Author: Antonio Pinheiro
Affiliation: Instituto de Telecomunicacoes (IT) and Universidade da Beira Interior (UBI), Portugal
JPEG analyses the responses of the Calls for Proposals for the standardisation of the first codecs based on machine learning
The 96th JPEG meeting was held online from 25 to 29 July 2022. The meeting was one of the most productive in the recent history of JPEG with the analysis of the responses of two Calls for Proposals (CfP) for machine learning-based coding solutions, notably JPEG AI and JPEG Pleno Point Cloud Coding. The superior performance of the CfP responses compared to the state-of-the-art anchors leave little doubt about the future of coding technologies becoming dominated by machine learning-based solutions with the expected consequences on the standardisation pathway.
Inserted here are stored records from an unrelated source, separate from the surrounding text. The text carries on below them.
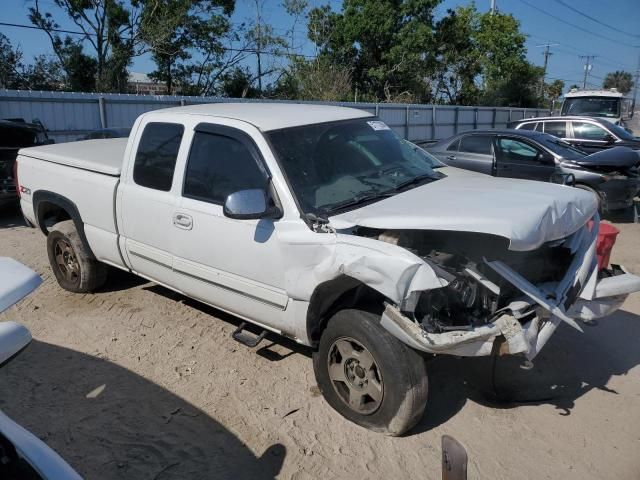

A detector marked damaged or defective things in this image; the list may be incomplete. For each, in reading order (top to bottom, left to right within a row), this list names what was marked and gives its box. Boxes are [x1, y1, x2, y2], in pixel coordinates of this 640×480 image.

crumpled hood [330, 168, 600, 251]
damaged front end [358, 218, 640, 360]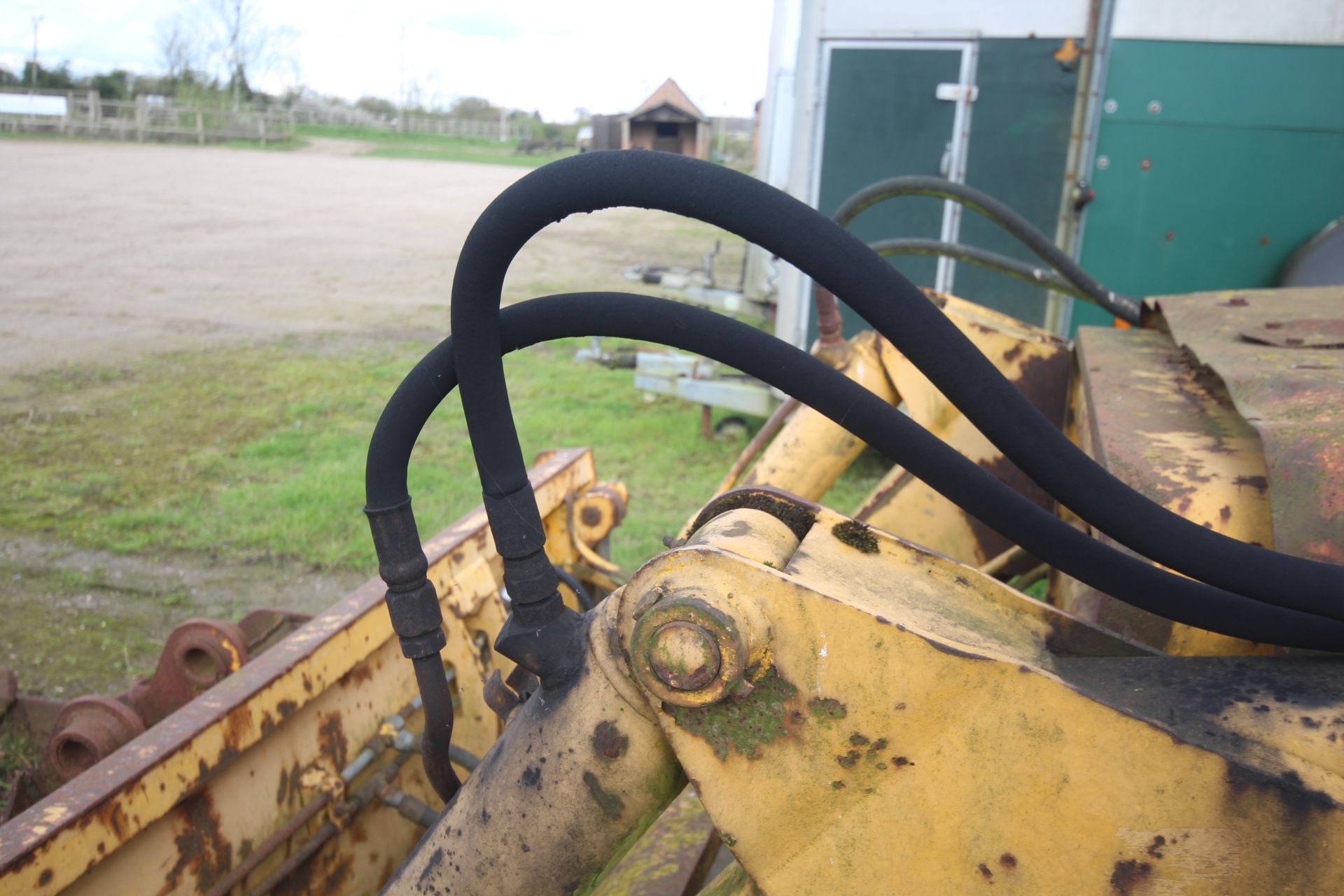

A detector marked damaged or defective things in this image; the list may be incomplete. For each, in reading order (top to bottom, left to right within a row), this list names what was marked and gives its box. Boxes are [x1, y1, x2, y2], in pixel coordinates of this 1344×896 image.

rusted steel plate [1054, 326, 1274, 655]
rusted steel plate [1156, 287, 1344, 564]
rusted steel plate [1, 448, 594, 896]
rust patch on metal [591, 720, 626, 763]
rusted steel plate [586, 790, 720, 892]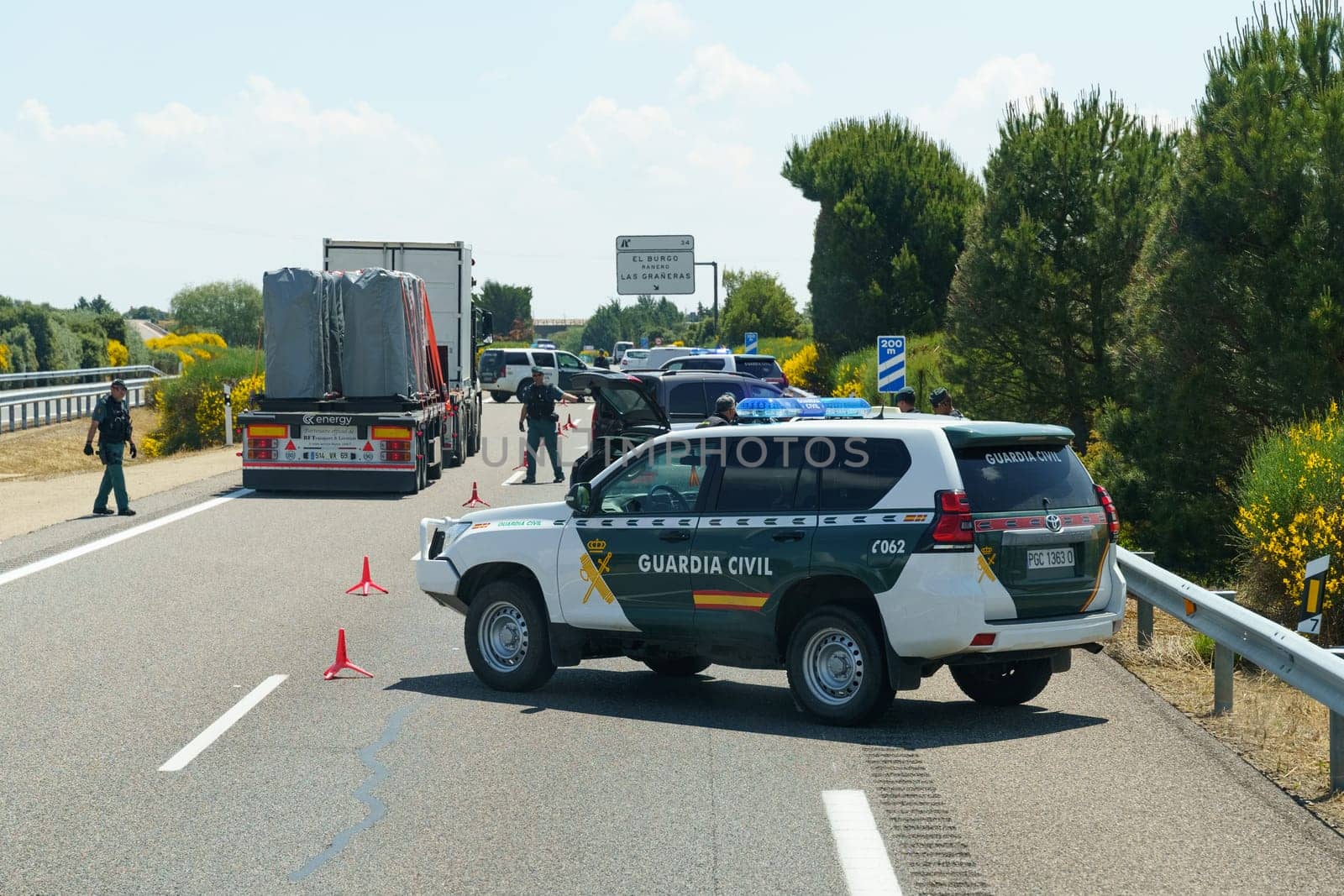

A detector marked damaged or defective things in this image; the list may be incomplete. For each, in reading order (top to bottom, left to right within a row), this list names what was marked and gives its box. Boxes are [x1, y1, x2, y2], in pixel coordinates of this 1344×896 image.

crack in asphalt [289, 698, 419, 881]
A new era of multimedia coding standardisation has begun. Both activities had defined a verification model, and are pursuing a collaborative process that will select the best technologies for the definition of the new machine learning-based standards.
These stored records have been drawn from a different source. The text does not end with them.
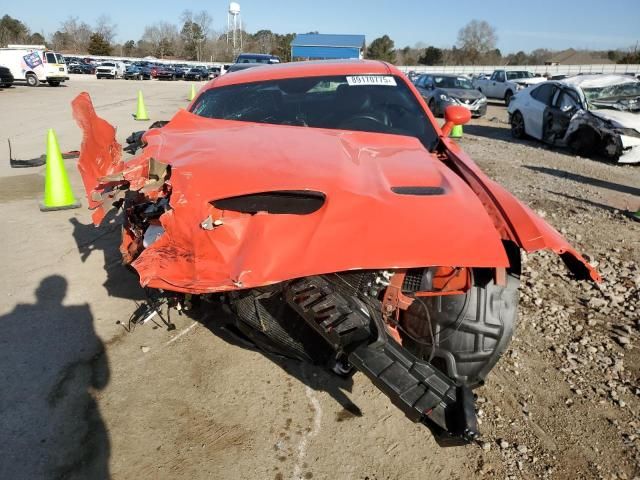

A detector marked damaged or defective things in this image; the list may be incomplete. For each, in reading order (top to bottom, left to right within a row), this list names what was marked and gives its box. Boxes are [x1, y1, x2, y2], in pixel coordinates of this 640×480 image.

orange damaged car [72, 61, 596, 446]
torn sheet metal [71, 90, 600, 292]
crumpled fender [440, 136, 600, 282]
white damaged car [510, 75, 640, 164]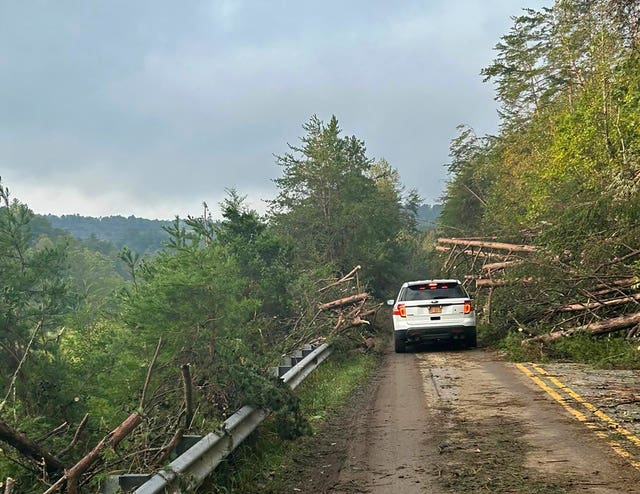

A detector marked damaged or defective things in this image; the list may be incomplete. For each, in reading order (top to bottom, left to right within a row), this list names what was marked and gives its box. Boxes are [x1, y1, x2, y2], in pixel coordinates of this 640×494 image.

damaged road [292, 346, 640, 492]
The 96th JPEG meeting had the following highlights:
- JPEG AI response to the Call for Proposals;
- JPEG Pleno Point Cloud begins the collaborative standardisation phase;
- JPEG Fake Media and NFT
- JPEG Systems
- JPEG Pleno Light Field
- JPEG AIC
- JPEG XS
- JPEG 2000
- JPEG DNA
The following summarises the major achievements of the 96th JPEG meeting.
The 96th JPEG meeting represents an important milestone for the JPEG AI standardisation as it marks the beginning of the collaborative phase of this project. The main JPEG AI objective is to design a solution that offers significant compression efficiency improvement over coding standards in common use at equivalent subjective quality and an effective compressed domain processing for machine learning-based image processing and computer vision tasks.
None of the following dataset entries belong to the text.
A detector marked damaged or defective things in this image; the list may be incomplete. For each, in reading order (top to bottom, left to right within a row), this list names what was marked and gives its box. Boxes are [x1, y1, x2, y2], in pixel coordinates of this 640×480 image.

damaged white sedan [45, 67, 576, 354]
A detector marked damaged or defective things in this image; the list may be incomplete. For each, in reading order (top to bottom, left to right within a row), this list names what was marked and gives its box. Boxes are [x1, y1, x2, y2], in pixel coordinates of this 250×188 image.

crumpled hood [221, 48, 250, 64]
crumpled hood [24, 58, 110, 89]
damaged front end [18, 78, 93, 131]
During the 96th JPEG meeting, several activities occurred, notably presentation of the eleven responses to all tracks of the Call for Proposals (CfP). Furthermore, discussions on the evaluation process used to assess submissions to the CfP took place, namely, subjective, objective and complexity assessment as well as the identification of device interoperability issues by cross-checking. For the standard reconstruction track, several contributions showed significantly higher compression efficiency in both subjective quality methodologies and objective metrics when compared to the best-performing conventional image coding.
From the analysis and discussion of the results obtained, the most promising technologies were identified and a new JPEG AI verification model under consideration (VMuC) was approved. The VMuC corresponds to a combination of two proponents’ solutions (following the ‘one tool for one functionality’ principle), selected by consensus and considering the CfP decision criteria and factors. In addition, a set of JPEG AI Core Experiments were defined to obtain further improvements in both performance efficiency and complexity, notably the use of learning-based GAN training, alternative analysis/synthesis transforms and an evaluation study for the compressed-domain denoising as an image processing task. Several further activities were also discussed and defined, such as the design of a compressed domain image classification decoder VMuC, the creation of a large screen content dataset for the training of learning-based image coding solutions and the definition of a new and larger JPEG AI test set.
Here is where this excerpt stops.